25 February 2020: ICAEW has recently updated its guidance on providing mortgage references, but the basic tenet of the advice remains the same: chartered accountants should stick to the facts when processing such requests.

In a society where streams of income are becoming ever more diverse, it’s no surprise that chartered accountants are increasingly asked to assist clients with mortgage lending references. 
While many are straightforward to process, they can also be the source of confusion, and occasionally conflict, between the accountant, the client and the lender around what type of information chartered accountants are able to provide.
ICAEW has recently updated its guidance around this area, which can be found here. However, according to Michelle Cardwell, Technical Manager at ICAEW’s Audit, Assurance and Financial Reporting faculty, the basic principle of the advice remains the same: chartered accountants should stick to the facts in this process. 
“If the request relates to factual information relating to accounting periods declared to HMRC in a tax return or where the accounts have been filed to Companies House, such as net income or profits, then typically chartered accountants are in a position to help,” says Cardwell.
“However, if lenders start asking accountants to forecast the future and ask questions around the future profitability of a company or whether a client will be able to meet their mortgage liabilities then accountants can’t answer this.”
ICAEW guidance advises accountants not to provide anything except factual information in response to such requests.
However, in limited circumstances, such as when individuals and other small borrowers do not have access to prepared audited financial statements, accountants can provide a limited opinion along the lines of: “based on the reporting accountants’ experience ... the accountants have no reason to suppose that the client would be likely to enter into a commitment, such as that proposed, that the client did not expect to be able to fulfil.”

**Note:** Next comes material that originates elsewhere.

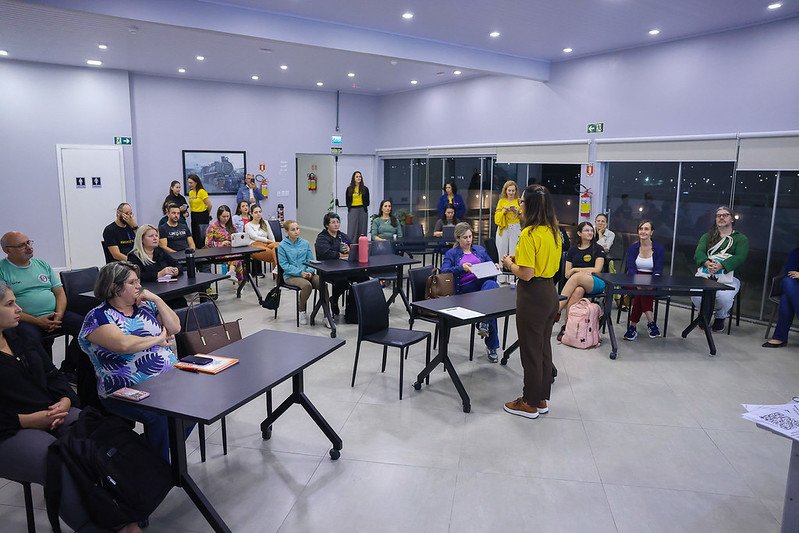 Foto colorida horizontal de várias pessoas sentadas em classes. Em pé, uma mulher com blusa amarela e calça preta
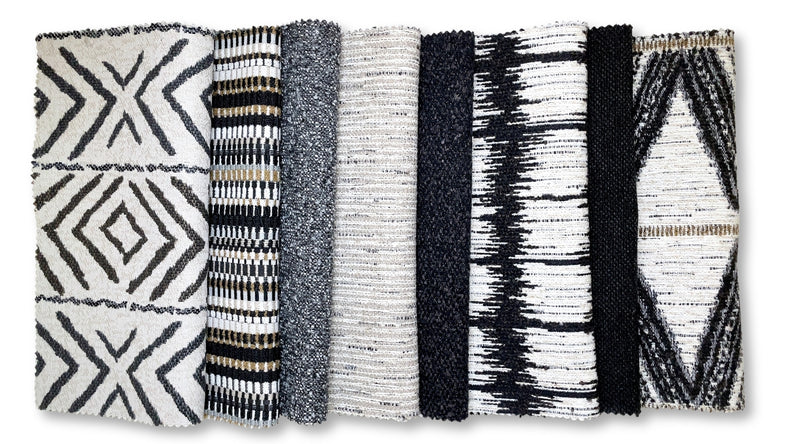 An array of fabric swatches showcasing a variety of textures and patterns in black, white, and gray tones. From left to right: a bold geometric pattern, a textured solid gray, a narrow stripe, a speckled tweed, a darker solid, a high-contrast ikat design, and a fabric featuring a tribal-inspired print with gold accents.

Even in these cases, however, accountants may decline to express a view due to a limited amount of experience, insufficient information or if they have only recently started acting for the client.
Cardwell cautions accountants to only provide information of which they have direct knowledge. “If a request extends beyond your knowledge, you should decline to provide the reference. Accountants should also make clear any limitations to their view in the reference.”
A common question asked on accountancy and small business forums is around whether accountants should charge for providing such references. 
ICAEW guidance outlines that to avoid the possibility of an implied contract, accountants do not charge any additional fees for the type of reference outlined in the guidance and the accountant should disclaim, in writing, any liability for providing the reference.

If a lender requires further assurance, a separate engagement can be agreed between the borrower, lender and the accountant, but accountants should ensure engagement terms clearly set out the scope of work, type of report and a reasonable limitation of liability. ICAEW has guidance on this in TECH 4/00 AAF.
However, when providing references, accountants should remember: if the risks of providing the reference are too high or the questions asked by the lender beyond their knowledge, accountants can decline to provide a reference.